Indoor Humidity and Wood Moisture Content

A discussion with data, about typical indoor humidity levels and the corresponding effect on wood moisture content. October 13, 2010

Question
Humidity is an important part of wood product design. Does anyone know what the average indoor humidity is for homes in the US? What effect does AC play if the home has a lot of indoor/outdoor traffic? How often do homes reach 70% humidity and above?

Forum Responses
(Architectural Woodworking Forum)
From contributor F:
It depends a lot on your location. Michigan is severely different than Arizona, etc.



From the original questioner:
I guess I am looking for a resource or any studies from any areas, or personal experience.


From contributor F:
Try a Google search. You might be able to find a chart or something. I’m just north of Toronto. In the summer with the AC running, our house sits around 45 to 55% when it’s around 75% outside. As I type this it is 35%. It’s about 32 degrees Fahrenheit and snowing right now. In February, our driest time of the year, it is between 25 and 35%. So I guess our house swings from 25% to 55% with both of those being extremes.


From contributor S:
The basic text that belongs in every professional woodworker's library is Bruce Hoadley's Understanding Wood. This explains the science and facts behind humidity and wood and EMC. Hoadley will answer most of your questions. However, even with accurate baseline data, a responsible fabricator will build for the odd situation when humidity levels are much lower or higher than normal. When the in-laws come to visit and the A/C goes down and the house goes to 90% RH, should the frame and panel work come apart?


From contributor Y:
My guess is that there is no such information available. If you can find it, I wouldn't trust it. My home in Texas is different from my next door neighbor's home if they run the A/C differently than I do. As far as wood movement is concerned, then you have to consider how the wood is sealed, as well as how the wood was cut and dried at the mill.


From contributor U:
Maybe this will help?


Click here for higher quality, full size image



From Carl Hagstrom, Systems Administrator at WOODWEB
“Does anyone know what the average indoor humidity are for homes in the USA?”
Below is a chart that provides the mean humidity levels throughout the United States, for four periods during the year.

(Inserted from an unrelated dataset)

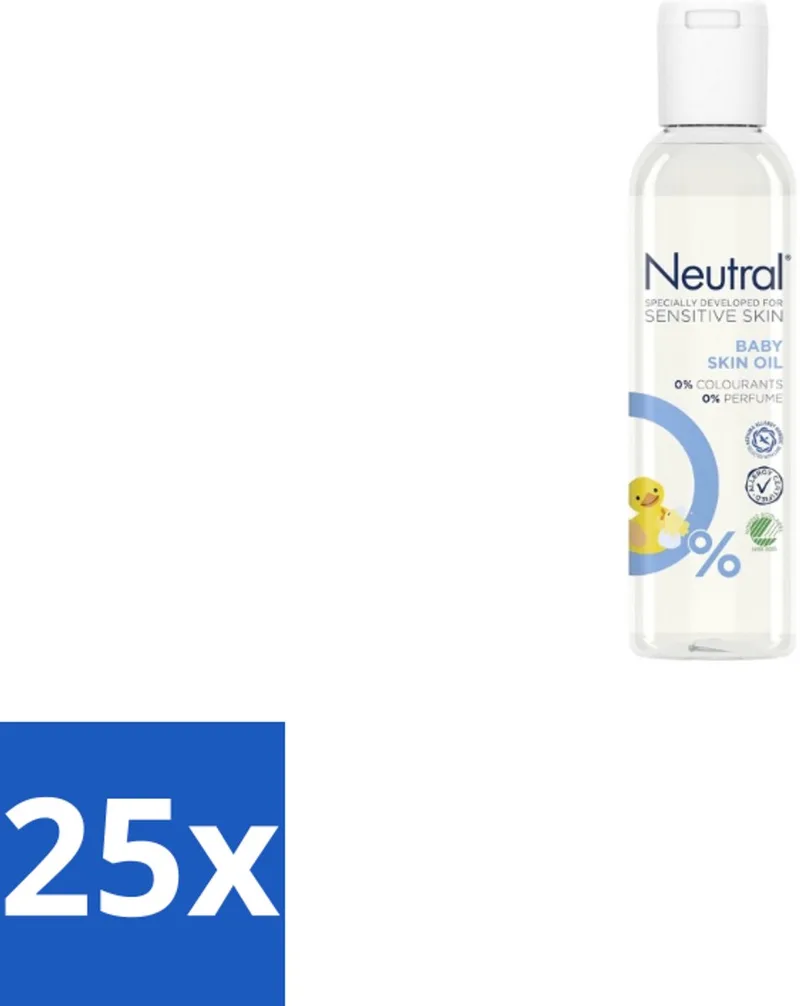 25 x Neutral Baby – Huidolie – Parfumvrij – Gevoelige Babyhuid – 150 ml - Babyhuidolie - Gevoelige Babyhuid - Droge Babyhuid - Hypoallergene Huidolie - Babyhuid Verzorging by Neutral – product photo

“What effect does AC play if the home has a lot of indoor/outdoor traffic?”
To the best of my knowledge, air conditioning dehumidifies along with reducing the temperature. Given that the chart below was based on data from the early 1900's, I think it's safe to assume that air conditioning was not a factor. So, it would seem that buildings with air conditioning would have humidity levels lower then shown on the chart.

“How often do homes reach 70% humidity and above?”
I would think humidity levels of 70% are extremely rare (unless there's an indoor pool/hot-tub or something similar). In my own personal (and limited) experience, when humidity levels approach 60%, other issues start to come in to play - mold, for instance.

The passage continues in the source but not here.